Every river … has cut another canyon; every lateral creek has cut a canyon; every brook runs in a canyon; every rill born of a shower and born again of a shower and living only during these showers has cut for itself a canyon; so that the whole upper portion of the basin of the Colorado is traversed by a labyrinth of these deep gorges.
The one-armed Powell, having lost his right arm in the Battle of Shiloh while fighting for the Union during the Civil War, began his epic voyage down the Green and Colorado Rivers on May 4, 1869, then 35 years old, with four boats and eleven men. One of the men quit after a month, and three others left after two months. But three months and 900 miles after the start, the remaining party emerged from the mouth of the Grand Canyon.

Powell wrote of the expedition in Exploration of the Colorado River and Its Canyons, published in 1875 to much acclaim. In the interim, he had continued to explore and survey the Colorado Plateau region, including a repeat trip down the Green and Colorado Rivers in 1871-72, which also contributed to the book. During his career, he played a major role in founding the U.S. Geological Survey and was also one of the founders of the National Geographic Society.

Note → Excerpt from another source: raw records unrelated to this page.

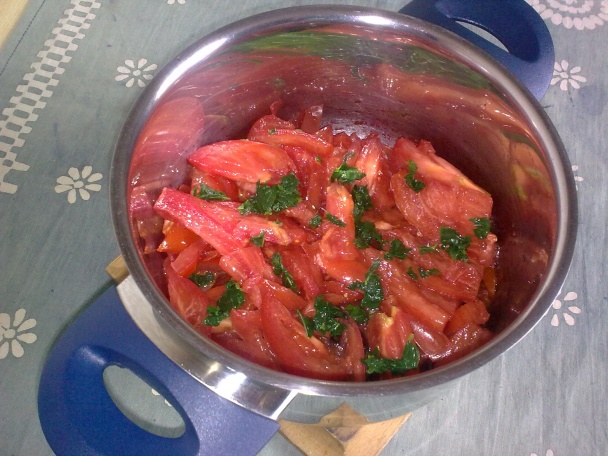 Čatní po Slovensky RADULIENKE - obrázok 6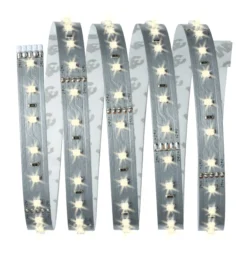 MaxLED 500 LED Strip - Basisset 1,5m Warmweiß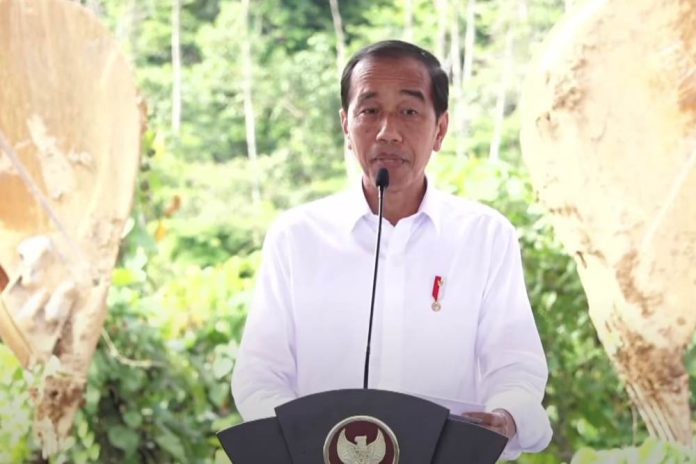 Telan Rp811 Miliar, Jokowi Resmikan Perbaikan dan Pembangunan 18 Arena PON XXI di Aceh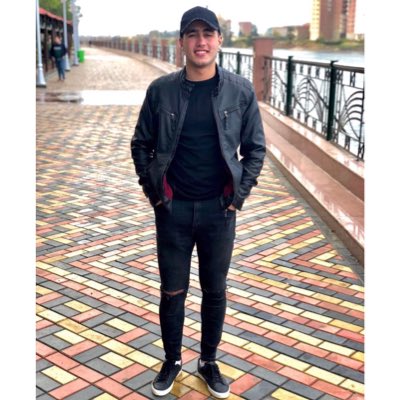 #NewProfilePic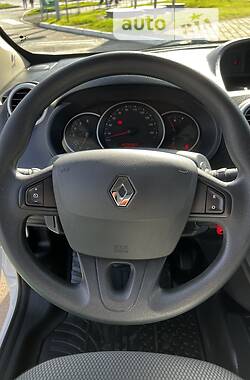 Грузовой фургон Renault Kangoo 2017 в 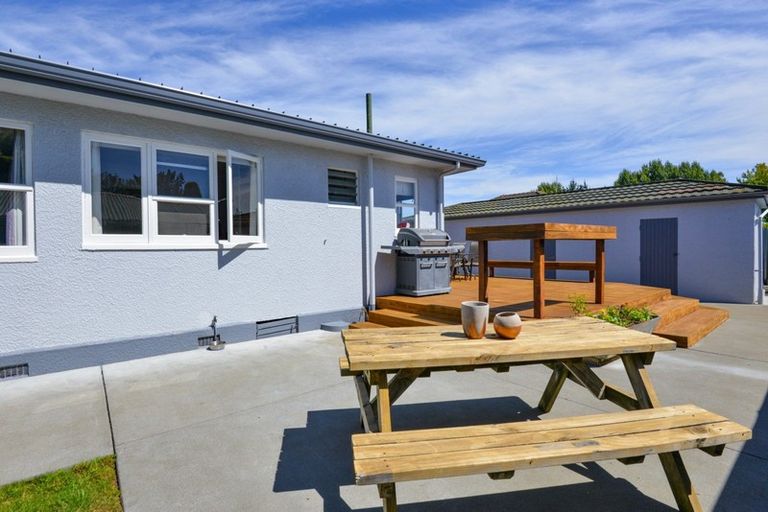 Photo of property in 1017 Frederick Street, Mahora, Hastings, 4120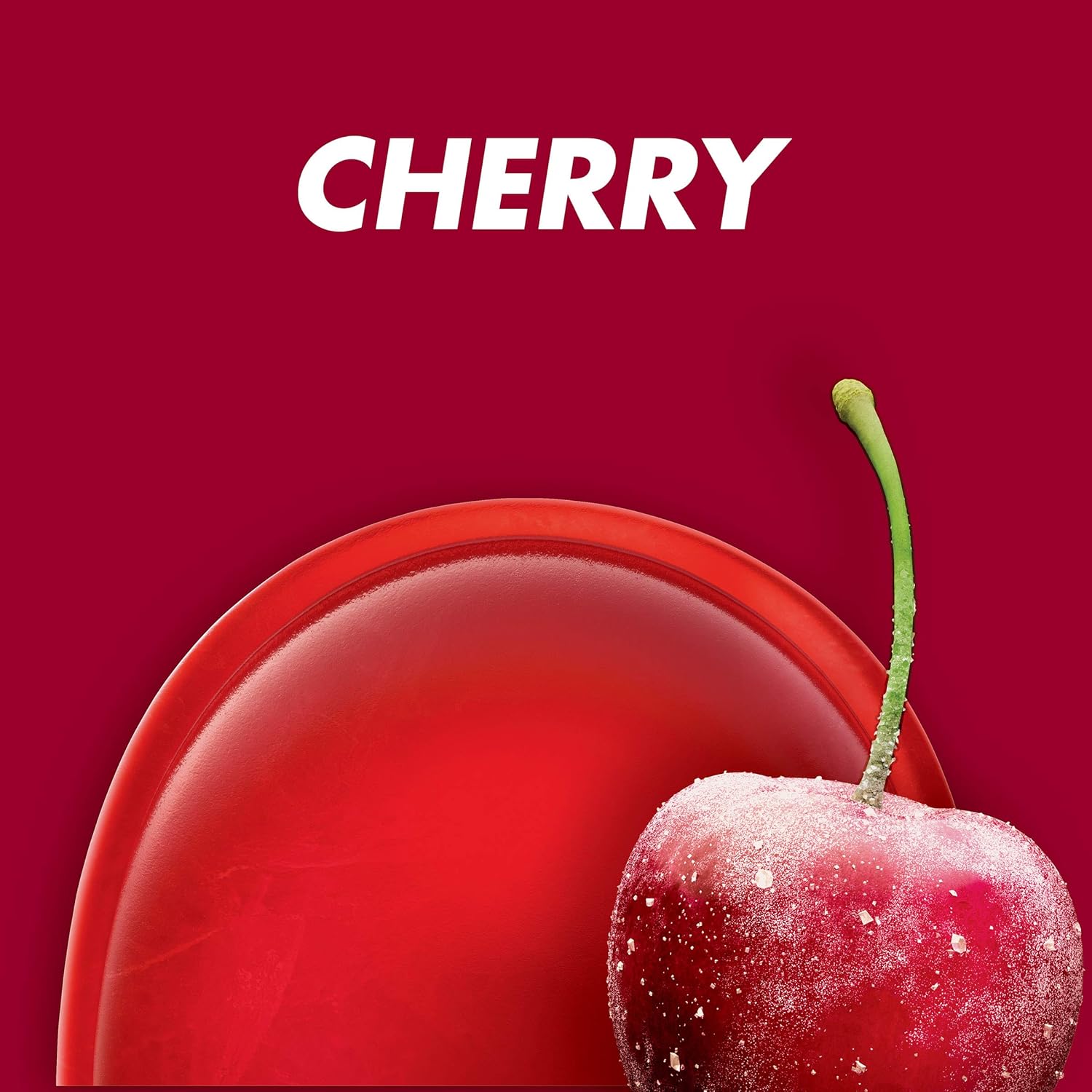 HALLS Relief Cherry Flavor Cough Drops, 12 Bags (960 Total Drops) : Grocery & Gourmet Food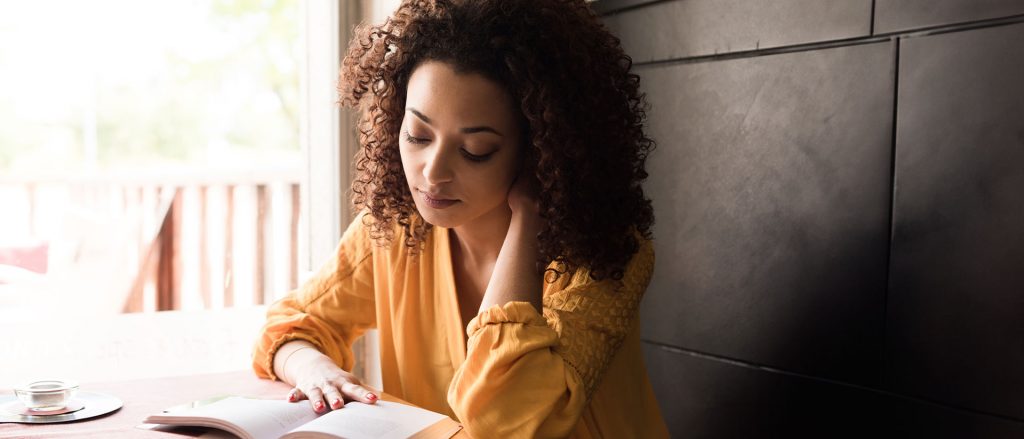 A literatura como ferramenta de humanização nas empresas - um estudo científico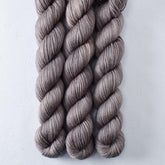Knobbed Whelk - Miss Babs Yowza Mini superwash Merino wool yarn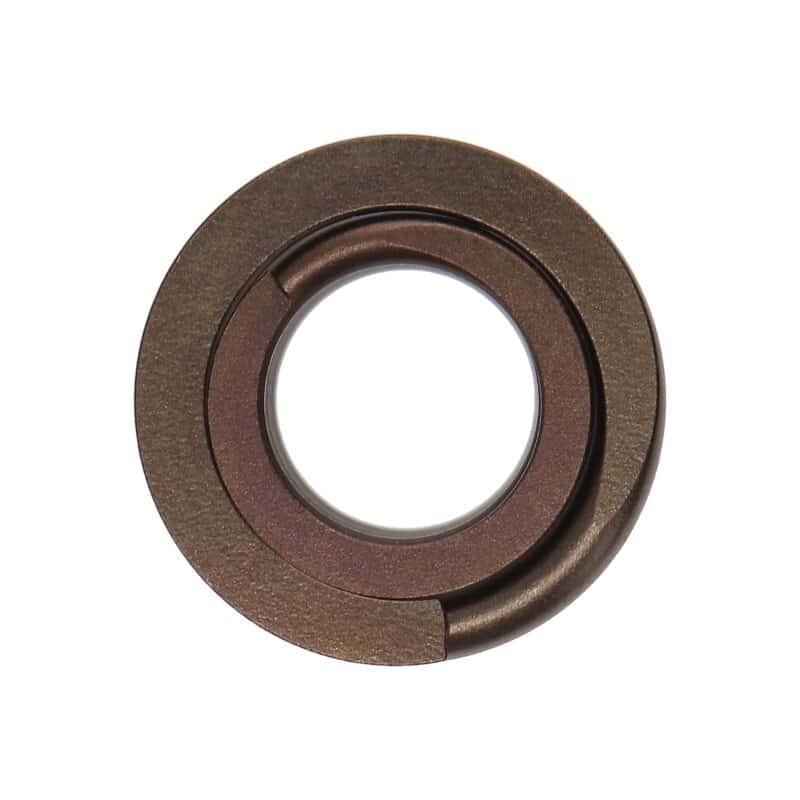 Manley Performance — Manley NexTek Series 1.640 OD .8602 ID .900 Lift Sportsman and Bracket Classes Valve Springs
Valve Spring - view 6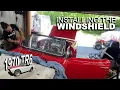1970 TR6 - Part 46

Recognizing the American West was not only shaped by water, but that any settlement of the West would be dependent on water, a scarce resource in this dry region, Powell followed his Exploration with Report on the Lands of the Arid Region of the United States in 1878. In the report, he offered the bold idea of a gradual settlement of the West based on hydrologic studies that identified where irrigation was feasible, rather than an all-out land rush. As might be expected, politicians ignored his recommendation. Still, he served as the second chief of the U.S. Geological Survey with further exploration of western lands and as the first director of the Smithsonian Institution’s Bureau of Ethnology where he oversaw a group of ethnologists documenting the vanishing culture of Native Americans in the West and South.